Does the significance of model inputs vary from model to model?

In Table 3, we notice that software size is the most significant attribute in all models based on the five datasets. However, the significance of other features (development platform, language type, and resource type) varies from model to model even within the same dataset. This outcome contradicts with non-machine learning models, such as statistical model, when the stepwise regression, for example, can be used to determine the significance of each independent variable (features) based on a certain level of significance (e.g. α = 0.05). In other words, the stepwise regression test should not be used with neural network models to determine the significance of the model inputs.

7 Threats to validity

In this section, we mention some threats that might have affected the validity of the neural network models, which indirectly have an impact on the comparisons. These include:

  1. 1.

    We did not use the MMRE as a performance evaluation criterion as suggested by Shepperd and MacDonell [23] because it is biased and favours models that underestimate. However, if we had used MMRE, this would have helped in comparing models developed in other studies since the MMRE is the most used criterion in similar research.

  2. 2.

    We used datasets from the ISBSG to conduct the experiments. These datasets came from different companies. This process is called cross-company as opposed to within-company where projects are developed in the same company. There is a debate as to whether using cross-company projects is significantly different from using within-company projects [36]. Nonetheless, not using within-company projects in this research can be considered a threat.

  3. 3.

    We used the tenfold cross-validation technique in the training process of the models. Some studies prefer using the leave-one-out (LOO) method, especially with small datasets.

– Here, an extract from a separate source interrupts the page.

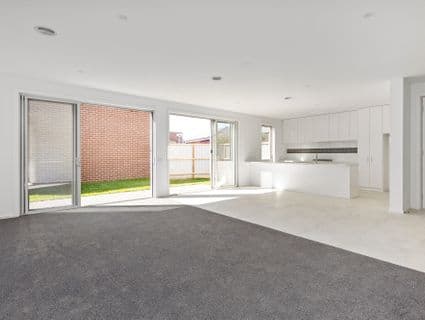 2/24 South Road, Rosebud - Thumbnail 2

8 Conclusions and future work

This research has been carried out to compare four neural network models: (1) multilayer perceptron (MLP), (2) general regression neural network (GRNN), (3) radial basis function neural network (RBFNN), and (4) cascade correlation neural network (CCNN). We used five datasets extracted from the ISBSG. The performance criterion used was the mean absolute residual (MAR). Each model has four inputs: (1) software size, (2) development platform, (3) language type, and (4) resource level. Software effort was the output of the model. The comparison was based on three research questions:

RQ1:

Which of the above neural network models (MLP, GRNN, RBFNN, and CCNN) has the lowest MAR?

RQ2:

Which neural network model tends to overestimate and which tends to underestimate?

RQ3:

Does the significance of model inputs vary from model to model?

Based on the resulting discussions in Sects. 5 and 6, we conclude the following:

  1. 1.

    The CCNN model outperformed other models based on 60 % of the datasets followed by the RBFNN model that surpassed other models based on 40 % of the datasets.

  2. 2.

    We conducted statistical tests and found that the CCNN model, despite its high performance, is not statistically different from other models.

  3. 3.

    The four models tend to overestimate the effort required to develop software projects.

  4. 4.

    The RBFNN is sensitive to outliers and when data are not normally distributed.

  5. 5.

    Software size is the most significant attribute in all models. The significance of other attributes varies from model to model.

Future work will focus on conducting the comparison of models using within-company projects. LOO validation technique and other performance evaluation criteria can also be considered in the future.